(Dataset records begins)

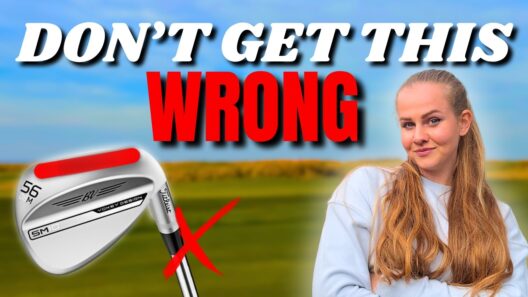 You’re Probably Choosing the WRONG Wedges.. | Vokey SM11 Fitting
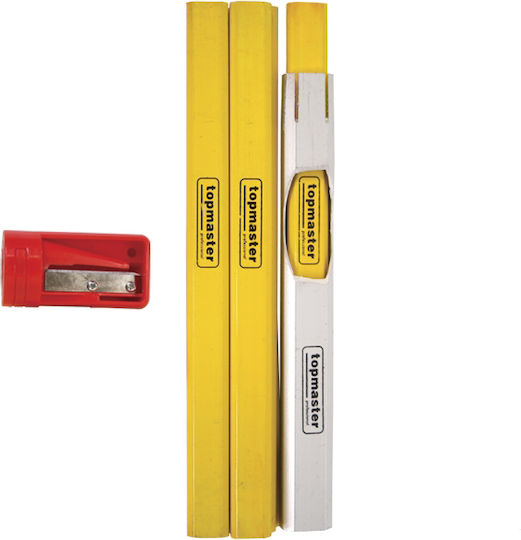 Topmaster 549938 Σετ Εργαλεία Χειρός 7τμχ
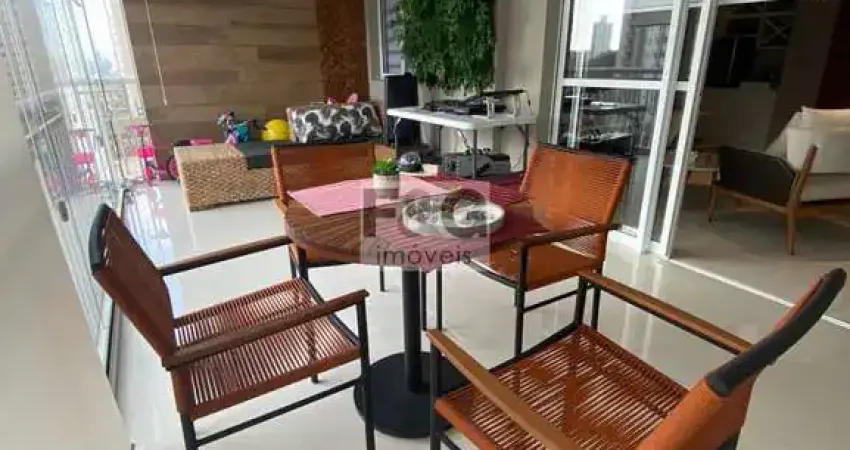 Apartamento com 3 quartos à venda no Centro, São Bernardo do Campo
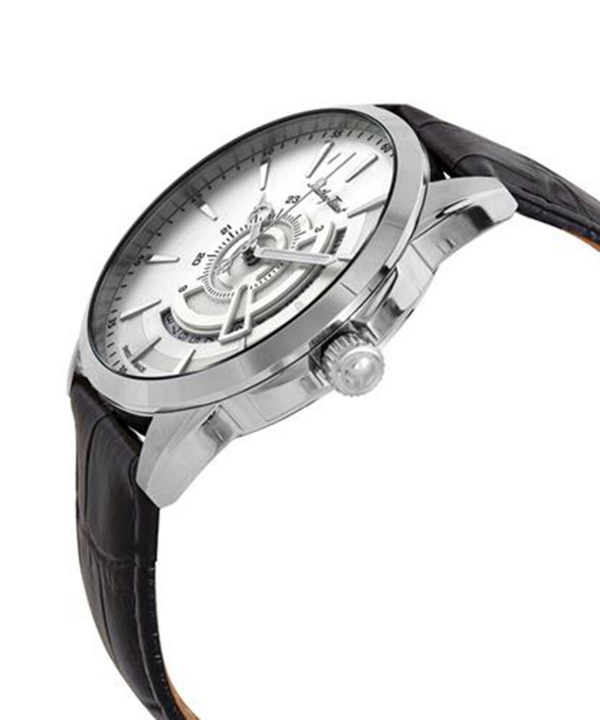ساعت مچی عقربه‌ای مردانه متی تیسوت Mathey Tissot مدل H711AS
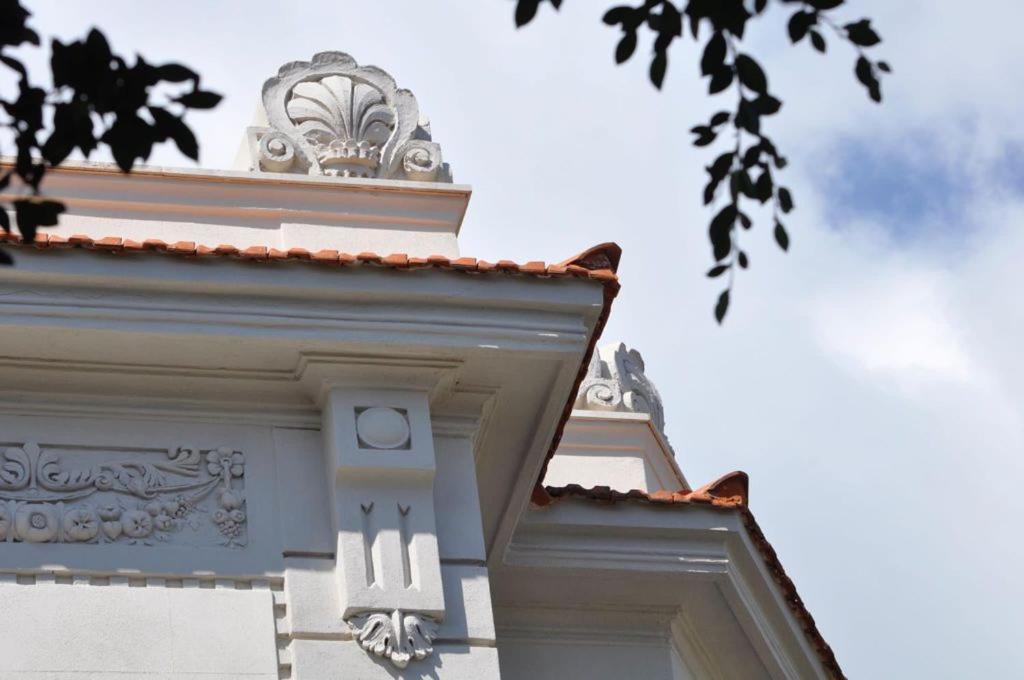 Villa Masetta - Luxury Suites Palermo Exteriör bild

(Dataset records ends)

__What the exercise asks__. Each line of the listing above belongs in the answer exactly as written; the pictures do not.

__Answer section__.
 You’re Probably Choosing the WRONG Wedges.. | Vokey SM11 Fitting
 Topmaster 549938 Σετ Εργαλεία Χειρός 7τμχ
 Apartamento com 3 quartos à venda no Centro, São Bernardo do Campo
ساعت مچی عقربه‌ای مردانه متی تیسوت Mathey Tissot مدل H711AS
 Villa Masetta - Luxury Suites Palermo Exteriör bild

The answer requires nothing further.